Once again, Tesla's Autopilot driving assist feature is at the center of another car crash, this time due to a collision that occurred on a highway in Beijing. Reuters reports that a Tesla owned by Luo Zhen hit a car parked on the highway shoulder. Both Luo and Tesla confirmed to the news outlet that Autopilot was engaged at the time, and based on Luo's dashcam footage above, it's quite clear that his car didn't react to the parked vehicle. This resulted in the Tesla grazing the side of the car, knocking off a side mirror and scraping up both vehicles.
A Tesla spokesperson informed Reuters that a key problem here is that Luo did not have his hands on the wheel to avoid a situation like this. This is a condition Tesla requires when using Autopilot, and the company has iterated this before. Luo confirmed to Reuters he didn't have his hands on the wheel and was checking his phone at the time. But he also said the feature was sold to him as a self-driving function.

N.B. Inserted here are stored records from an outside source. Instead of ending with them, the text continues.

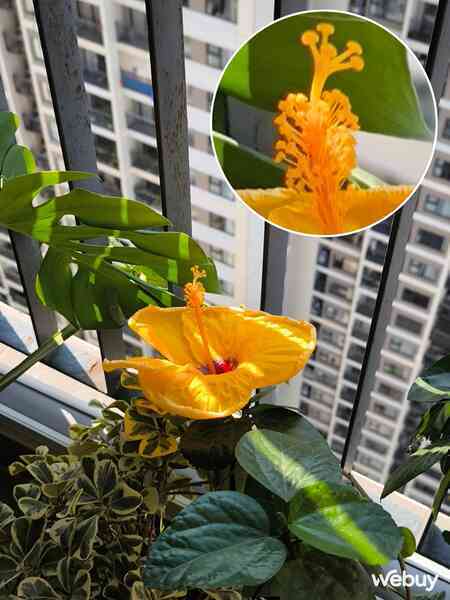 Trải nghiệm camera Xiaomi 13T Pro: Chụp càng tối càng đẹp, màu Leica đặc trưng, tiếc nhất là xóa phông ảo- Ảnh 7. Trải nghiệm camera Xiaomi 13T Pro: Chụp càng tối càng đẹp, màu Leica đặc trưng, tiếc nhất là xóa phông ảo- Ảnh 7.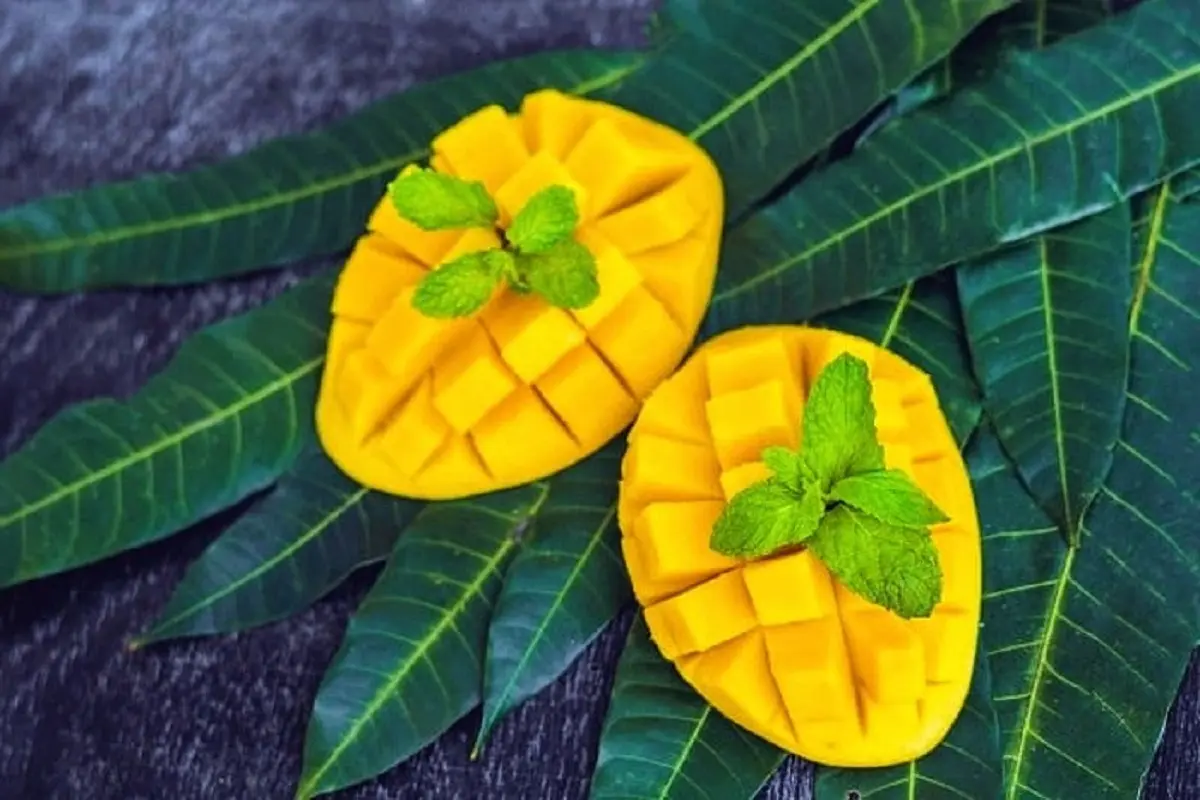  فصل میوه قاتل سفیدی مو و فشار خون رسید + دیالیز خون برای یک سال 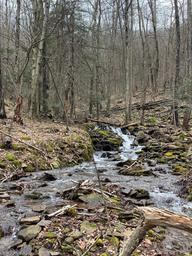 Campspot slideshow image 5
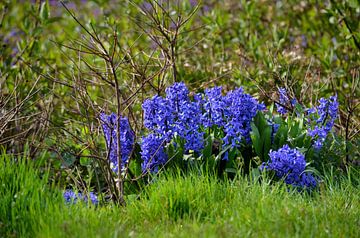 Hyacinths von Leo Huijzer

This is a chief complaint from Luo, and Reuters heard from four other people that Tesla sales staff portrayed the system as fully autonomous. Tesla, as in many times prior, said the feature is a driving assist, and not for completely autonomous driving. Both Reuters and Financial Times suggest the capability of Autopilot may get misconstrued based on how Autopilot is translated, which makes sense. Both sources report the feature is translated as "zidong jihashi," a term frequently used for airplane autopilot, and Reuters says it also translates to "self-driving." Zhong Shi, a Beijing automotive analyst, told Financial Times that the term "wuren jihashi" is more commonly used to describe a "self-driving" system, but added that, regardless, China doesn't have the clearest terminology for autonomous and semi-autonomous automotive tech.